I'm up for it. It's probably too late to get something together this month, but maybe the middle to the end of next month? :unsure:


----------



## xknifepointx (22/6/07)

I will hopefully come along to the next one if I am welcome


----------



## Stuster (22/6/07)

xknifepointx said:


> I will hopefully come along to the next one if I am welcome



Definitely welcome. Come one, come all. :super: :chug:


----------



## mikem108 (23/6/07)

Have tried to get a clubhouse from some council owned sources and they are always a bit funny about alcohol being consumed onsite but will keep trying


----------



## crozdog (23/6/07)

Ned & I met Matt Donnellan from St Peters brewery yesterday @ the Marrickville Brewhouse. I asked him if he'd be up for a bunch of us doing a tour. He was all for it as long as it was on a Saturday & the numbers were between 3 & 8. I need to give him at least a weeks notice

So the questions are:

1. When? (I reckon mid July either the 14th or 21st) &
2. Who?

Here is a list of starters & reserves - remember there is only 8 spots so 1st in best dressed :unsure: 

1 Crozdog
2 Barramundi
3
4
5
6
7
8

Reserves
1
2
3
4
5

Beers

Crozdog


----------



## Stuster (23/6/07)

Wow! That sounds great.

I can't do the 14th, so I vote for the 21st.  

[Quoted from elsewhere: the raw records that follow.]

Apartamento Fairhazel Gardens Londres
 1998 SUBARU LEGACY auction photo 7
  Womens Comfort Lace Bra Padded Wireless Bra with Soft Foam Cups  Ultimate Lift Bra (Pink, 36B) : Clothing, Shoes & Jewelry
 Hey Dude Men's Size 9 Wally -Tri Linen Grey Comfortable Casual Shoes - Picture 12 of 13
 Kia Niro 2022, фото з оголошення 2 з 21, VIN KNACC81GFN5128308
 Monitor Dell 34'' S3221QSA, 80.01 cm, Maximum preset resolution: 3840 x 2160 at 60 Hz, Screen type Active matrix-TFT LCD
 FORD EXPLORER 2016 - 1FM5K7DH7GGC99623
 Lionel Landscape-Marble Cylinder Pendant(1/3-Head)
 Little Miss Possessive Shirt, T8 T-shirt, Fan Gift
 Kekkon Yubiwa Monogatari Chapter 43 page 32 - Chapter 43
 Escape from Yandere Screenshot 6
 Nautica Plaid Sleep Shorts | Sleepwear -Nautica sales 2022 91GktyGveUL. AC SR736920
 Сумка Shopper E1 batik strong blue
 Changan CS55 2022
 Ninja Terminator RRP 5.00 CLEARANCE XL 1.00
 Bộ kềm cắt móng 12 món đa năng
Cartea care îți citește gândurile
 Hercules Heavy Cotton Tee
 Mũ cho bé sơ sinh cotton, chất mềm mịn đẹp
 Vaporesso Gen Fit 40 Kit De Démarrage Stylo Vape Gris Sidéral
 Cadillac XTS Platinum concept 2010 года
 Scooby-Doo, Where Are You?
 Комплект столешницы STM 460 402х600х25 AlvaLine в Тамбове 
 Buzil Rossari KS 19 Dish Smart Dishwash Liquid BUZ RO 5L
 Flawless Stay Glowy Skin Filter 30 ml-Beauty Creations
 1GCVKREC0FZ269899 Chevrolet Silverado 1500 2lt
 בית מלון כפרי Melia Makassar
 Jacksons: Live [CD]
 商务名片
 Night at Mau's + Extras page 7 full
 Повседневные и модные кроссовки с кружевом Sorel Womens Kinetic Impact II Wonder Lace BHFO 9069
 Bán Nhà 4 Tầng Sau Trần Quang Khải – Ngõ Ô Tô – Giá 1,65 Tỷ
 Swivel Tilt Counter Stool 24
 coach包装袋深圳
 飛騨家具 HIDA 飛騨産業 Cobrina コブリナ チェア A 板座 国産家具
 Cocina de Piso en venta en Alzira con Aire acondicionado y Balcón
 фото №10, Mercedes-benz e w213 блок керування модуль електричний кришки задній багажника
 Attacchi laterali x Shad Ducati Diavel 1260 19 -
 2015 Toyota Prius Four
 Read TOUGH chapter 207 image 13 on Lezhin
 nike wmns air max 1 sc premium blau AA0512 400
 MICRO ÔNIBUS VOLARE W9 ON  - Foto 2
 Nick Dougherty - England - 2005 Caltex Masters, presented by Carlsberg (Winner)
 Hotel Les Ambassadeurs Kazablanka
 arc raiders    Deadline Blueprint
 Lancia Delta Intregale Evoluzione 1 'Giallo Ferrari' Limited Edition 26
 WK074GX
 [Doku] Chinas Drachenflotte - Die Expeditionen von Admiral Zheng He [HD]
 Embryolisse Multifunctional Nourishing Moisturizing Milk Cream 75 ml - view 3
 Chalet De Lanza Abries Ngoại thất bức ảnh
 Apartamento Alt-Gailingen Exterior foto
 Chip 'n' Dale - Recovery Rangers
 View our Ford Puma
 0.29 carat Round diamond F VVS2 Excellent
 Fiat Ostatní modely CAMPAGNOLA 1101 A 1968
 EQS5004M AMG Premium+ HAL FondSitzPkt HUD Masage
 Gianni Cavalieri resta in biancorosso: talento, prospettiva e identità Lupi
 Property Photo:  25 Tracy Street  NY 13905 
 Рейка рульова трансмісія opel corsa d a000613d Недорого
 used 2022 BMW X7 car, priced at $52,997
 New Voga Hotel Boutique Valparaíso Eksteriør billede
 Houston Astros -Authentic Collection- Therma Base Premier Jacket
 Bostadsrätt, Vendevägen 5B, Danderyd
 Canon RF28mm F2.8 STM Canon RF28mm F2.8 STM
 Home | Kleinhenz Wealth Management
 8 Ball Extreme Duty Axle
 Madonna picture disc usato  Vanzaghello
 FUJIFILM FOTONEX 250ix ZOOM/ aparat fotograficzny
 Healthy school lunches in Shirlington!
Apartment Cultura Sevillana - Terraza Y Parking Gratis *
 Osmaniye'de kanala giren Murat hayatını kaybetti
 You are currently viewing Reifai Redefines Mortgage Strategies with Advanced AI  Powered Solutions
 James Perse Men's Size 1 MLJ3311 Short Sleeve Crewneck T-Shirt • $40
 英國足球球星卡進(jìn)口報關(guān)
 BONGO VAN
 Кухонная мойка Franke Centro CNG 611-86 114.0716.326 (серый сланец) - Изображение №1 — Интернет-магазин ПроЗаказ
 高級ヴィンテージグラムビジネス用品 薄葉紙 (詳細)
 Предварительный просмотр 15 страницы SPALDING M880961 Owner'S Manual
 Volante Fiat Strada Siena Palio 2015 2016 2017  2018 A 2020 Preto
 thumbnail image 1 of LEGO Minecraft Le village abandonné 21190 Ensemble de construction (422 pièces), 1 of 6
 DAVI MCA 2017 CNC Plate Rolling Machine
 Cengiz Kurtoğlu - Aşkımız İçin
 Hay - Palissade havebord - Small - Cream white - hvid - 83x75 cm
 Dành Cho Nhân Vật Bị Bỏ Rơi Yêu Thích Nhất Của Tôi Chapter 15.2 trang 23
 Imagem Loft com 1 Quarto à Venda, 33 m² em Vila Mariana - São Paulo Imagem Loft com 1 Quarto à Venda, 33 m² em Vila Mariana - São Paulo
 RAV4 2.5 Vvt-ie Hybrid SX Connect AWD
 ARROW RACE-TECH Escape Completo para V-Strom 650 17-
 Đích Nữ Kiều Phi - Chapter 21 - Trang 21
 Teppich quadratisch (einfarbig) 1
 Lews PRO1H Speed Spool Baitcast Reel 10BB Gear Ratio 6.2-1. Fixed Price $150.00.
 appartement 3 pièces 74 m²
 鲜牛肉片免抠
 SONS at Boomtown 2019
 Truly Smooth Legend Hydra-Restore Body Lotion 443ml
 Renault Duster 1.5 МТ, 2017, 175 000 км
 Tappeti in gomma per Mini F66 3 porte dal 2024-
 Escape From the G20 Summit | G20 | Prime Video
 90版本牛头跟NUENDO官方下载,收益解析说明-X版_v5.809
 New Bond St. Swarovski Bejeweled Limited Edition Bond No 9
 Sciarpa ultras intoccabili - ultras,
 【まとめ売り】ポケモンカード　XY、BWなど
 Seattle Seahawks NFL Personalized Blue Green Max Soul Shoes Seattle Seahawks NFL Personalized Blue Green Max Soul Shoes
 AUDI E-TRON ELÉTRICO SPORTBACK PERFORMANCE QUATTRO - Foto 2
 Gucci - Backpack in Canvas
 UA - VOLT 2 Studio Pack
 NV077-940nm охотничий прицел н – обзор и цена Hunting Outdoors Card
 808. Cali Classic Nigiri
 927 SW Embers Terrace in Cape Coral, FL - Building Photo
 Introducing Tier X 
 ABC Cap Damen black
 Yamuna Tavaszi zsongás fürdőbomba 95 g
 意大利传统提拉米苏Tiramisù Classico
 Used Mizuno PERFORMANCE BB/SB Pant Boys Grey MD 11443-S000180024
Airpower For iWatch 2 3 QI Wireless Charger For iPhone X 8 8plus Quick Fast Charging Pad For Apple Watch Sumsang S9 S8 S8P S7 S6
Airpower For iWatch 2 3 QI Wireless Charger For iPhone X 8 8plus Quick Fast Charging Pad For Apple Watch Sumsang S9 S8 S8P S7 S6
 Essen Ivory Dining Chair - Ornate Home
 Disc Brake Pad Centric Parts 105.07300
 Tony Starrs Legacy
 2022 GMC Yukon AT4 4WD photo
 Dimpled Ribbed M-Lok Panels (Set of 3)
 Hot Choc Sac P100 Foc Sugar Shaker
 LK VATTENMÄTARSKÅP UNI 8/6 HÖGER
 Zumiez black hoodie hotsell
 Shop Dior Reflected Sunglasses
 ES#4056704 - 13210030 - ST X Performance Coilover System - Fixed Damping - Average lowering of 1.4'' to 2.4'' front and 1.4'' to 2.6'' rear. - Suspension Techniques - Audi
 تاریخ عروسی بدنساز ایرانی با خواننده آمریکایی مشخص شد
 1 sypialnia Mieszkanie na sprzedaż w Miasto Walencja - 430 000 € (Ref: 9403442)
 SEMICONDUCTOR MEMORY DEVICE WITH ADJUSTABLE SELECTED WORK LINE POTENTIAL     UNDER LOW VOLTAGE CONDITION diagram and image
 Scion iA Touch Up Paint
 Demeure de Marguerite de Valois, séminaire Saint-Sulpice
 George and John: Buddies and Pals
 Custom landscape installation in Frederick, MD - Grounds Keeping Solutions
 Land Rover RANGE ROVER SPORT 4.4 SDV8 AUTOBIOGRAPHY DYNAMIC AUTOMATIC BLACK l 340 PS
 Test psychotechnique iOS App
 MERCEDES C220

If it's then (or the 28th), I'm a definite.

1 Crozdog
2 Barramundi
3 Stuster
4
5
6
7
8

Reserves
1
2
3
4
5

Beers


----------



## barls (23/6/07)

im not fussed ether ways if work interferes i may drop out
1 Crozdog
2 Barramundi
3 Stuster
4 barls
5
6
7
8

Reserves
1
2
3
4
5


----------



## redbeard (23/6/07)

nothing definite in july, so what ever suits others 

1 Crozdog
2 Barramundi
3 Stuster
4 barls
5 redbeard
6
7
8

Reserves
1
2
3
4
5

nb - whats the Marrickville Brewhouse ?

nb2 - did u mean brewhaus.com.au ?


----------



## mikem108 (25/6/07)

1 Crozdog
2 Barramundi
3 Stuster
4 barls
5 redbeard
6 MikeM108
7
8

Reserves
1
2
3
4
5


----------



## floppinab (25/6/07)

crozdog said:


> Ned & I met Matt Donnellan from St Peters brewery yesterday @ the Marrickville Brewhouse.



Was there something on there on Fri.??? that I missed.................  

Can't make it either of those days unfortunately. I expect a full and detailed report :blink:


----------



## crozdog (25/6/07)

nb - whats the Marrickville Brewhouse ? The HBS opposite the golden barley hotel in marrickville

nb2 - did u mean brewhaus.com.au ? Yes


----------



## Barramundi (25/6/07)

ya didnt miss anything gav , just a chance meeting between phillip and myself and a further chance of matt walking in while we were there, 

perhaps the next meet can start with the brewery tour and move on somewhere else , perhaps a Thai joint in newtown ???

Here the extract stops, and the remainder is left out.